■ **RECORDS SUPPLIED**
○ ○ ○

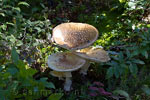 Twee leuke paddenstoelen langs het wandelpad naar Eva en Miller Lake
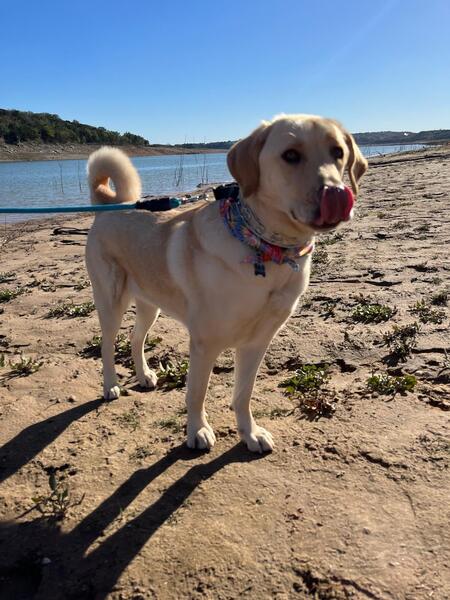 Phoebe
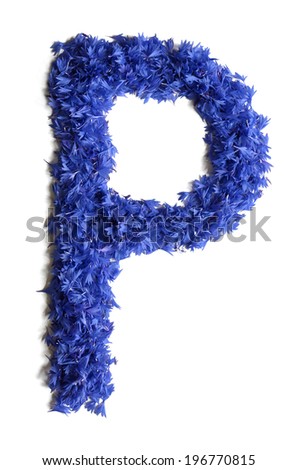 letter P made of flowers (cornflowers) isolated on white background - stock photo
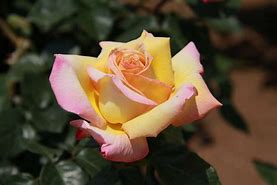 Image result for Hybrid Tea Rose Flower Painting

○ ○ ○

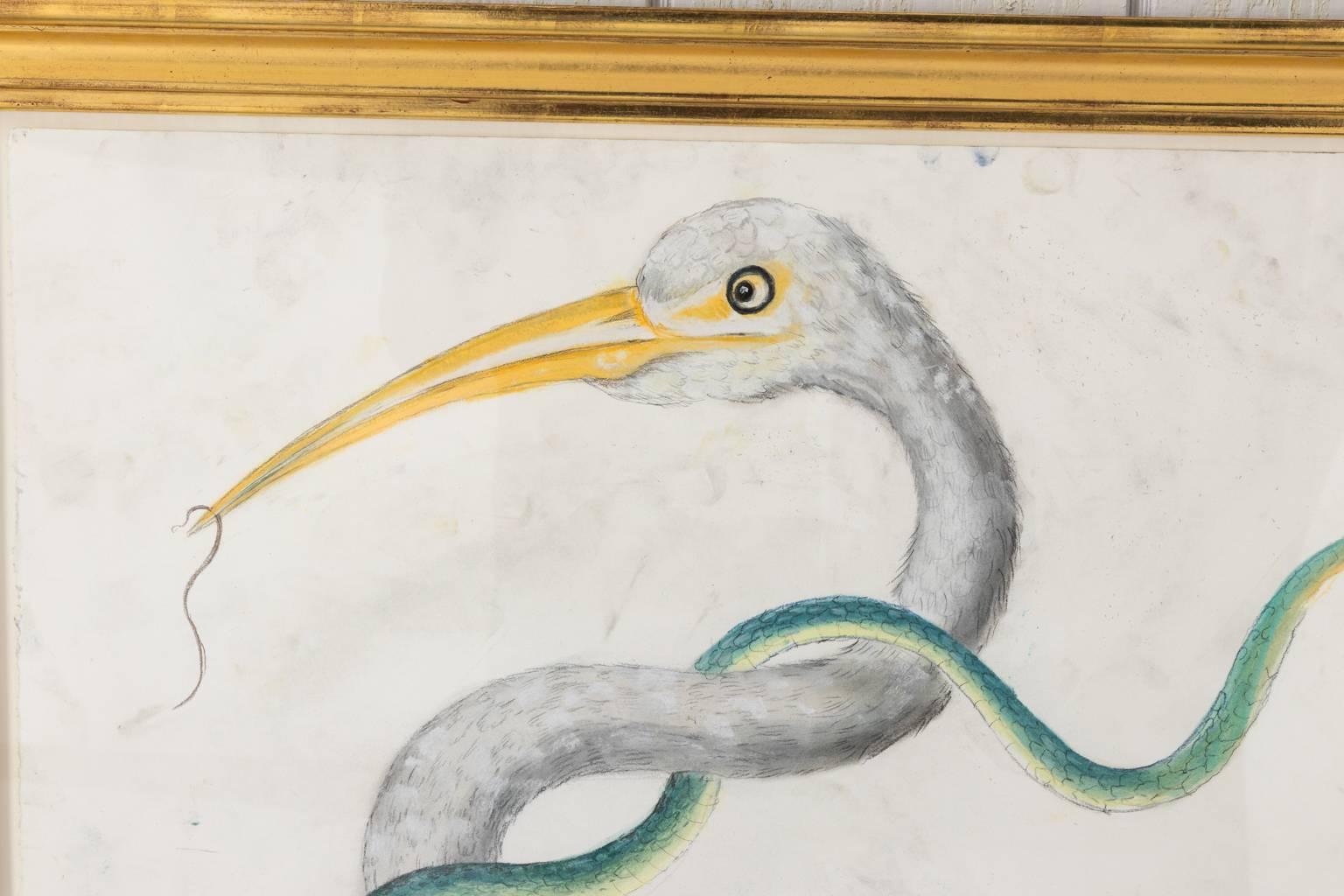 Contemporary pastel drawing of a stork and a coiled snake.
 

○ ○ ○

■ **YOUR OBJECTIVE**
The response must repeat exactly the lines above from the one with "Twee leuke paddenstoelen" through the one with "Image result for", including both, and must contain no pictures and no other text.

■ **EXERCISE OUTPUT**
 Twee leuke paddenstoelen langs het wandelpad naar Eva en Miller Lake
 Phoebe
 letter P made of flowers (cornflowers) isolated on white background - stock photo
 Image result for Hybrid Tea Rose Flower Painting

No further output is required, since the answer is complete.